What to do: Starting with the line that includes "Bulanık arka plandaki", write out every remaining line of the records below exactly as it appears, leaving out any images.

Records supplied:
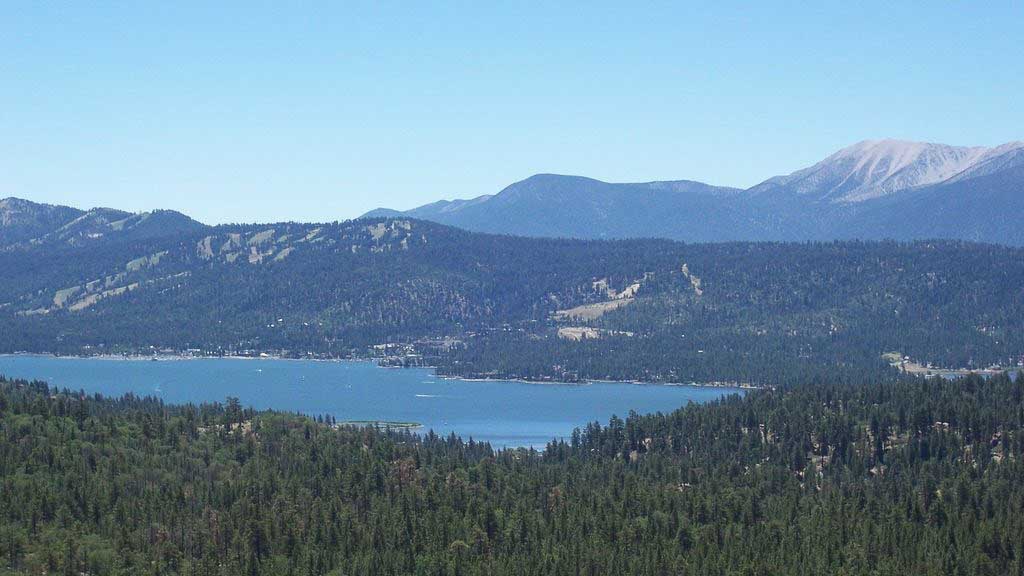 Big Bear Lake Doctor Dolittle, Space Jam and City of Angels went to high altitudes while on set.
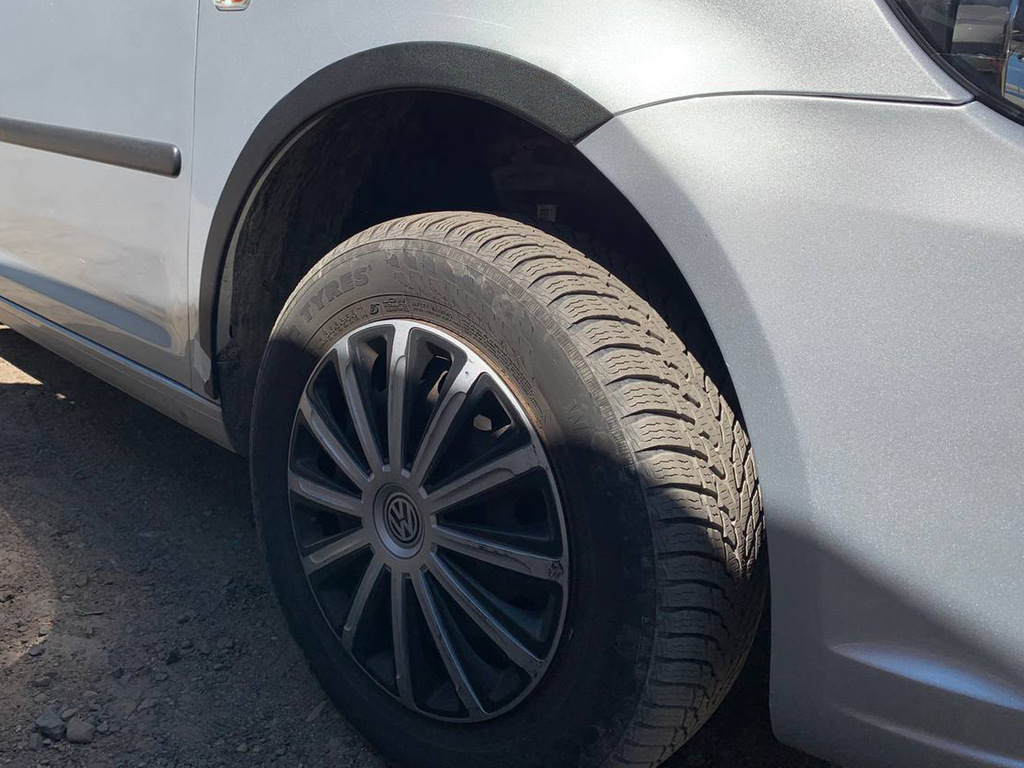 Накладки на арки (чорний мат) Довга база (пластик) для Volkswagen Caddy 2010-2015 рр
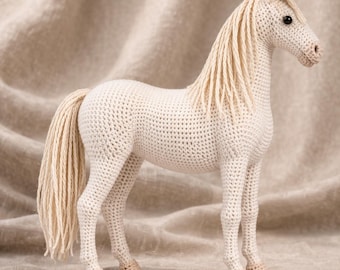 Elegantes stehendes weißes Pferd strickmuster PDF, anfängerfreundliches Plüschtier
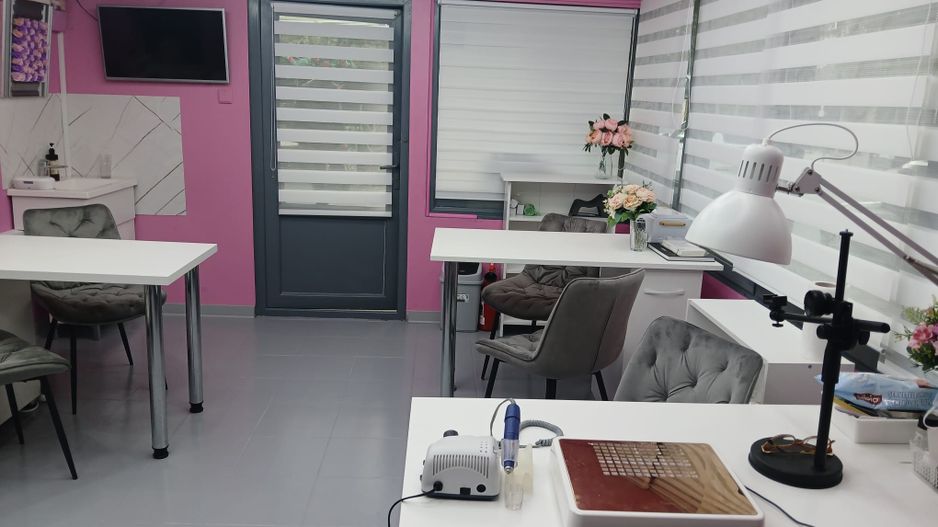 Spatiu comercial de inchiriat uverturii - Poză 2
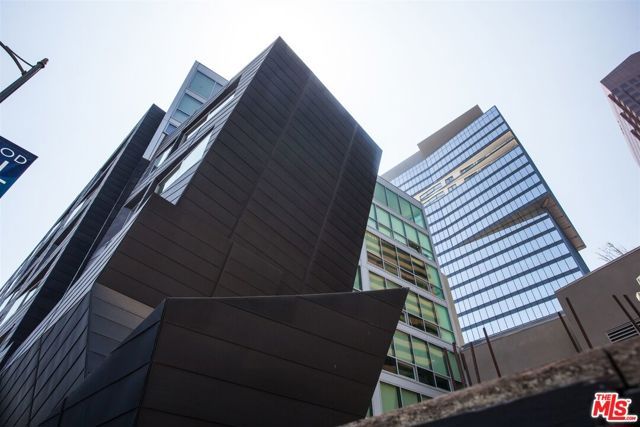 901 S Flower Street 505, Los Angeles, CA 90015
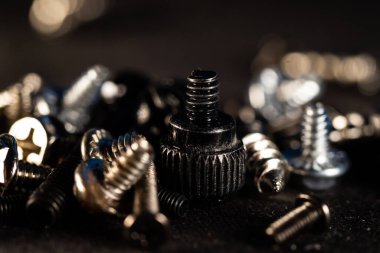 Bulanık arka plandaki çelik vidaların yakın plan çekimi.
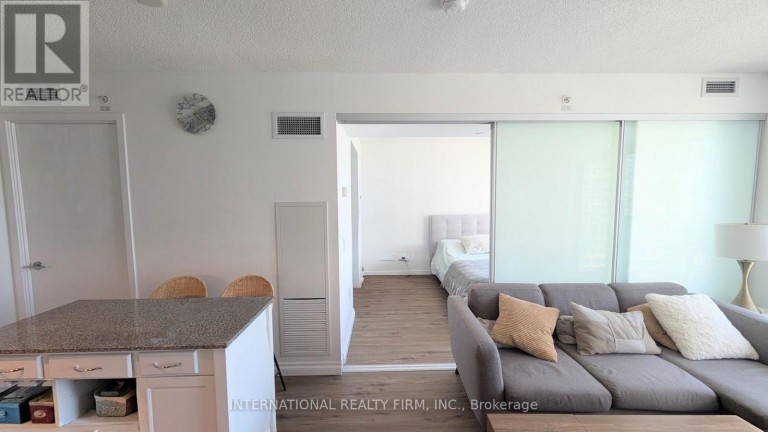 2110 - 85 QUEENS WHARF ROAD, Toronto (Waterfront Communities), Ontario, M5V0J9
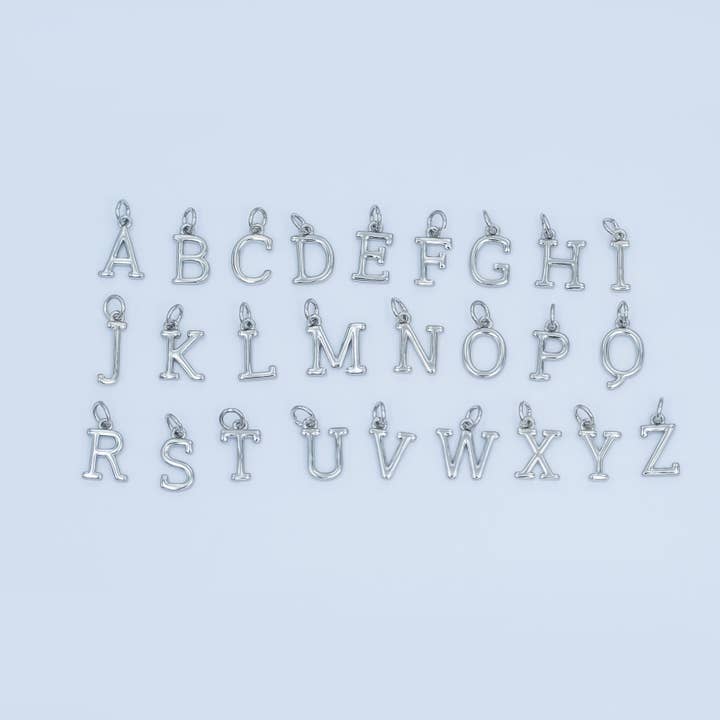 Ciondolo con Lettera Iniziale Minimalista Placcato in Rodio | A141 - A153 per la vendita all'ingrosso da parte di Aim Eternal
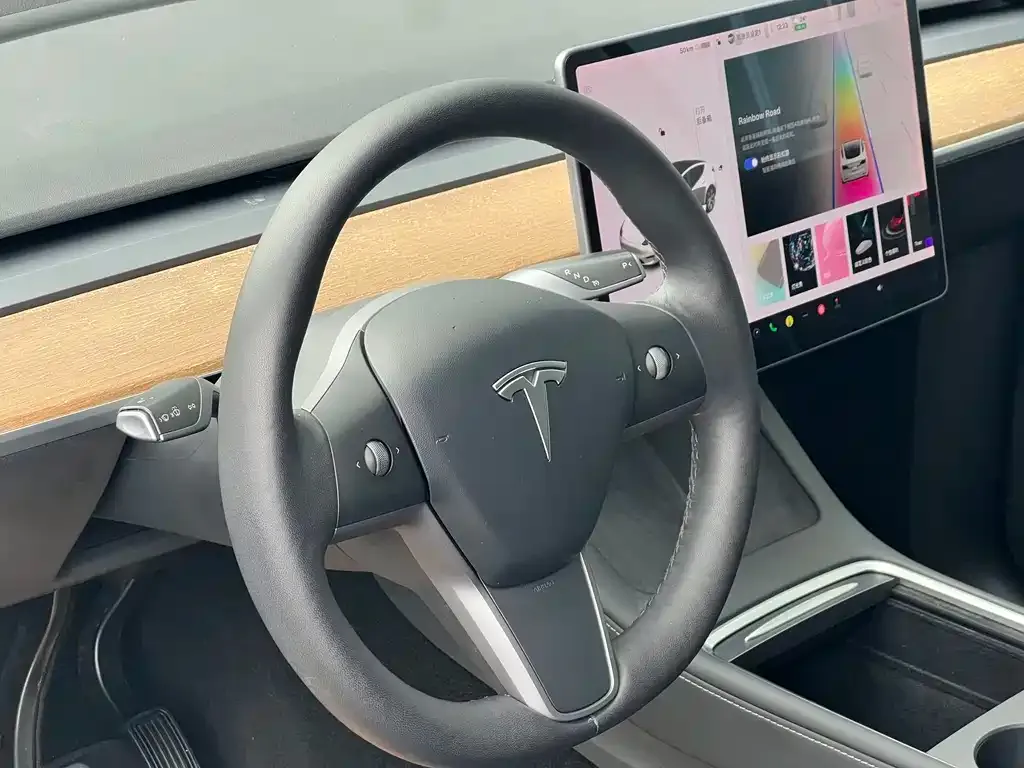 Tesla Model Y — фото 9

Response:
 Bulanık arka plandaki çelik vidaların yakın plan çekimi.
 2110 - 85 QUEENS WHARF ROAD, Toronto (Waterfront Communities), Ontario, M5V0J9
 Ciondolo con Lettera Iniziale Minimalista Placcato in Rodio | A141 - A153 per la vendita all'ingrosso da parte di Aim Eternal
 Tesla Model Y — фото 9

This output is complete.